Friday, November 22, 2019

Gloom, Despair, and Hope




I don't know about you, but sometimes I get discouraged, downhearted, despairing.  Sometimes the weight of life and ministry with the crushing burdens of living in a complex and fallen world are so heavy that it's hard to pray, hard to preach, hard to proclaim the good news. In fact, for many, maybe most of us, there are dark times when God seems absent, when it's hard just to show up and do the ministry stuff to which we are called. It can fill us with doubt, these moments of darkness and bleakness, those times of gloom and heaviness.  We may question our faith, our salvation, our very existence as children of God. Enduring such an experience is terrifying, making us feel abandoned, and yet, it is also totally normal.

Yes, I said totally normal. On June 27, 1766, John Wesley penned a darkly honest letter to his brother Charles in which he expressed his personal descent into the depths using a mixture of shorthand, Greek, Latin, and French. He lets his guard down with stark frankness to his main partner in ministry, the one person to whom he can freely express his spiritual struggles.  Feeling the strain of worsening marital discord, dealing with "enthusiasts" whose theology and actions brought Methodism into disrepute, traveling into sometimes hostile locales with disappointing results, and shouldering the onus of leadership with less and less input from Charles left him exhausted and discouraged. As found on the website of Northern Nazarene College, the extraordinary letter reads in part as follows, with brackets to indicate abbreviations and shorthand notations --

In one of my last I was saying I do not feel the wrath of God abiding on me; nor can I believe it does. And yet (this is the mystery) [I do not love God. I never did]. Therefore [I never] believed in the Christian sense of the word. Therefore [I am only an] honest heathen, a proselyte of the Temple, one of the foboumenoi Qeon. ['Those that fear God.'] And yet to be so employed of God! and so hedged in that I can neither get forward nor backward! Surely there never was such an instance before, from the beginning of the world! If I [ever have had] that faith, it would not be so strange. But [I never had any] other elegcos of the eternal or invisible world than [I have] now; and that is [none at all], unless such as fairly shines from reason's glimmering ray. [I have no] direct witness, I do not say that [I am a child of God], but of anything invisible or eternal.

And yet I dare not preach otherwise than I do, either concerning faith, or love, or justification, or perfection.
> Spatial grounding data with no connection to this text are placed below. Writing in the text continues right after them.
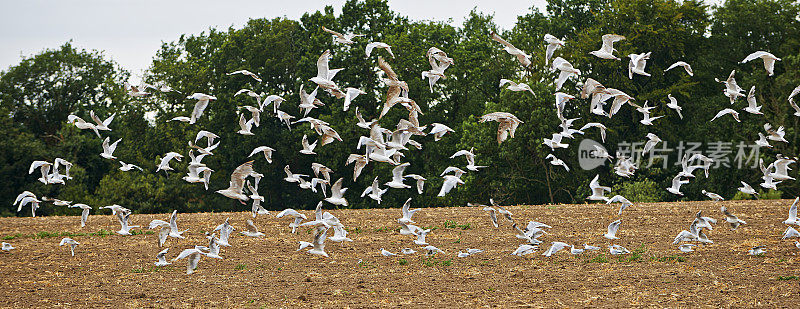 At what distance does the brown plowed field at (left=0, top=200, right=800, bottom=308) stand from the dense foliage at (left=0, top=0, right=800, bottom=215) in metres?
16.6

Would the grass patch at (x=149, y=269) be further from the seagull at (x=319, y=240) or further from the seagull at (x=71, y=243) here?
the seagull at (x=319, y=240)

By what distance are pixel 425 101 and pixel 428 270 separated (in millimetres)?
31441

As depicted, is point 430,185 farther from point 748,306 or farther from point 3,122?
point 748,306

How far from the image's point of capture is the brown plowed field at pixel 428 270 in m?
15.4

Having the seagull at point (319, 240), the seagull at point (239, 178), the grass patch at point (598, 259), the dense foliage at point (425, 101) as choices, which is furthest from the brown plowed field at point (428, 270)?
the dense foliage at point (425, 101)

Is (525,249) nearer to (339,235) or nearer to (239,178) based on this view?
(339,235)

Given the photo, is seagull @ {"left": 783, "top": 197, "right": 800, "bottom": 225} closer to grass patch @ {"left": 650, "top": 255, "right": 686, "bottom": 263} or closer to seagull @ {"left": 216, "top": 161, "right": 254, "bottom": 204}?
grass patch @ {"left": 650, "top": 255, "right": 686, "bottom": 263}

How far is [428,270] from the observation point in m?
18.3

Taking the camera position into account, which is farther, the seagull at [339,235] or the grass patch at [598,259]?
the seagull at [339,235]

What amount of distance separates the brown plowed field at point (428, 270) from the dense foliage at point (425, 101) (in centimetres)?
1656

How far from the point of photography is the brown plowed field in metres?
15.4

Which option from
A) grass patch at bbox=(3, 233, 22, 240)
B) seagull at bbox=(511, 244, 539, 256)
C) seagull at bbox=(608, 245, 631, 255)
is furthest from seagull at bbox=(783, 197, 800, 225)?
grass patch at bbox=(3, 233, 22, 240)

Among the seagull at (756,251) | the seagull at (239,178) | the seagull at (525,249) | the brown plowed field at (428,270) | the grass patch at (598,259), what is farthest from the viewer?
the seagull at (756,251)

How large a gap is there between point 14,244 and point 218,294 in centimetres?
1085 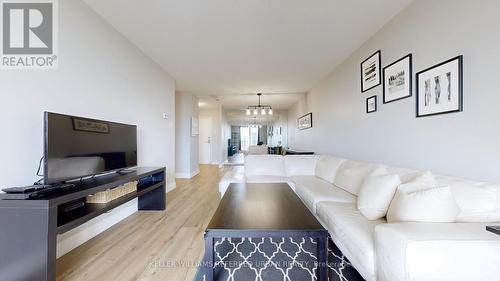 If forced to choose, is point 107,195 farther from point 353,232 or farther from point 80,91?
point 353,232

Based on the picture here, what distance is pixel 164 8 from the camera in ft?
7.14

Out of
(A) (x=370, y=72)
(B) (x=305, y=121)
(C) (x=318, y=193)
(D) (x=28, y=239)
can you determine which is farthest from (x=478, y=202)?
(B) (x=305, y=121)

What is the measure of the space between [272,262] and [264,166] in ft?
6.44

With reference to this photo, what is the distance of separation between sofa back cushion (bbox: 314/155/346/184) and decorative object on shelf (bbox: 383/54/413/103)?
1044 millimetres

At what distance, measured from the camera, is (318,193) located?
7.79ft

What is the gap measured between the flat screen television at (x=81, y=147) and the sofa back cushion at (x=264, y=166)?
1827 millimetres

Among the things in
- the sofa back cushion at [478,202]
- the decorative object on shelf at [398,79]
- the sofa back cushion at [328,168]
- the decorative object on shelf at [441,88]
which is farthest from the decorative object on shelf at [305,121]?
the sofa back cushion at [478,202]

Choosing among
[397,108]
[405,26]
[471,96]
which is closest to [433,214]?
[471,96]

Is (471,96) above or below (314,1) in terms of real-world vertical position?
below

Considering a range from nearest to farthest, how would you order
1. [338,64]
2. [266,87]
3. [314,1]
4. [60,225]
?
1. [60,225]
2. [314,1]
3. [338,64]
4. [266,87]

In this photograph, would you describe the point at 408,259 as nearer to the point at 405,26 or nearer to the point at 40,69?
the point at 405,26

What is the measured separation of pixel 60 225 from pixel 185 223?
1345 millimetres

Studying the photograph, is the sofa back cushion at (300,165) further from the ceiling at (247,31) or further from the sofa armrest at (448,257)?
the sofa armrest at (448,257)

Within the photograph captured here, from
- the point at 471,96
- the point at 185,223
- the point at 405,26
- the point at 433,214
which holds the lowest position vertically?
the point at 185,223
And yet I find rather an increase than a decrease of zeal for the whole work of God and every part of it. I am feromenos, ['Borne along.'] I know not how, that I can't stand still. I want all the world to come to on ouk oida. ['What I do not know.'] Neither am I impelled to this by fear of any kind. I have no more fear than love. Or if I have [any fear, it is not that of falling] into hell but of falling into nothing.

This searingly painful letter is a good indication not that John lacked faith or that he was a fake Christian but rather that he was human, frail, and in need of the One to whom he directed his every thought, word, and deed. Rather than pinning his hope of salvation to his inner emotional temperature, he put his trust in Christ whom he knew to be ever faithful.  And no sooner does he give his anxious cry of the heart from a very dark night of the soul than he swiftly returns to an account of the work to which he knew he was called, encouraging his brother and seeking Charles' help so that he can continue onward. 

O insist everywhere on full redemption, receivable by faith alone consequently to be looked for now. You are made, as it were, for this very thing. Just here you are in your element. In connection I beat you; but in strong, pointed sentences you beat me. Go on, in your own way, what God has peculiarly called you to. Press the instantaneous blessing: then I shall have more time for my peculiar calling, enforcing the gradual work.

If you care to look, you can find harsh words of criticism leveled against John Wesley because of this letter by those who seek to discredit his life and ministry by calling him a heathen, a hypocrite, a fraud, and a false Christian.  They seem to think that the life of the faithful is one long round of one joyous experience after another and that admitting to doubt or fear or discouragement is a sign of faithlessness and false religion.  I beg to differ.  Scripture (like the Psalms, for example) bears witness to the cry of the heart from human beings who endured all they could stand and who turned their voices towards God in their pain no less than in their joy, hoping and trusting in God's goodness even when they could not clearly see a way forward, even when their hearts were breaking, even when the darkness seemed to overwhelm the light.  It is in that tradition that we, no less than John Wesley, make our stand, pinning our hopes to the God whose Spirit is the Giver of true life and unending light that can never die or be extinguished.  And that's about as real as it gets, here as we stand poised on the brink of the Advent season, in the bleak midwinter, when we celebrate with hope the coming of the light of Christ into the world.


2 comments:

  1. It is so good to know we are not alone in those spots along our faith journey where the way seems dark and lost. I am hopeful that more people are willing to share those moments with each other rather than hide them away.

    ReplyDelete
  2. I agree! It makes me feel better to know that our spiritual forebears have struggled, too, and that they faithfully persisted with God's help.